ASSIGNMENT: An exact restatement of the data is required, with the images omitted.

SOURCE DATA:
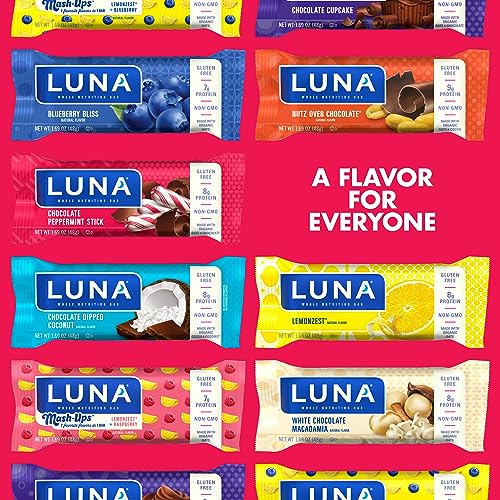LUNA Bar Chocolate Peppermint Stick Flavor 12 Pack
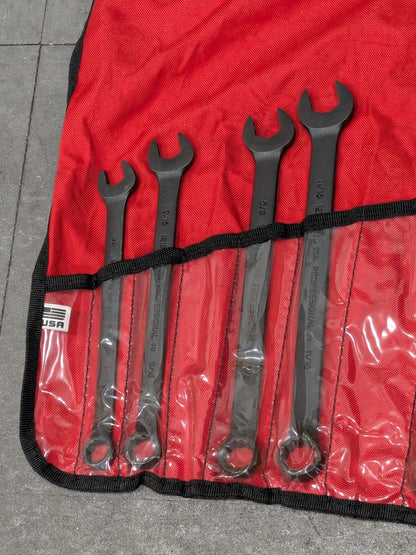 Proto Combination Wrench Set: 12 Pc, 1/2 to 1-1/4" Wrench J1200FBASD INCOMPLETE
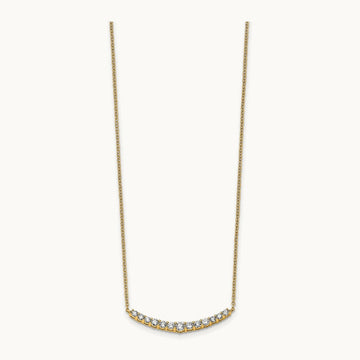 TO Fashion Bar Necklace, 0.50 ct tw Lab-Grown Diamond — 14K Yellow Gold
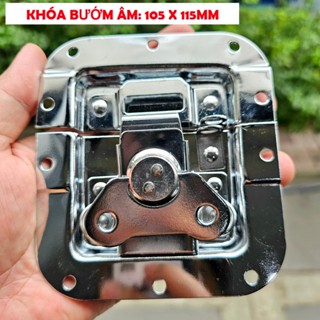 Khoá bướm 105 x 115m ( sắt mạ inox) dùng tủ case, tủ âm thanh, tủ thiết bị, case loa, thùng đựng loa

ANSWER SPACE:
LUNA Bar Chocolate Peppermint Stick Flavor 12 Pack
 Proto Combination Wrench Set: 12 Pc, 1/2 to 1-1/4" Wrench J1200FBASD INCOMPLETE
 TO Fashion Bar Necklace, 0.50 ct tw Lab-Grown Diamond — 14K Yellow Gold
 Khoá bướm 105 x 115m ( sắt mạ inox) dùng tủ case, tủ âm thanh, tủ thiết bị, case loa, thùng đựng loa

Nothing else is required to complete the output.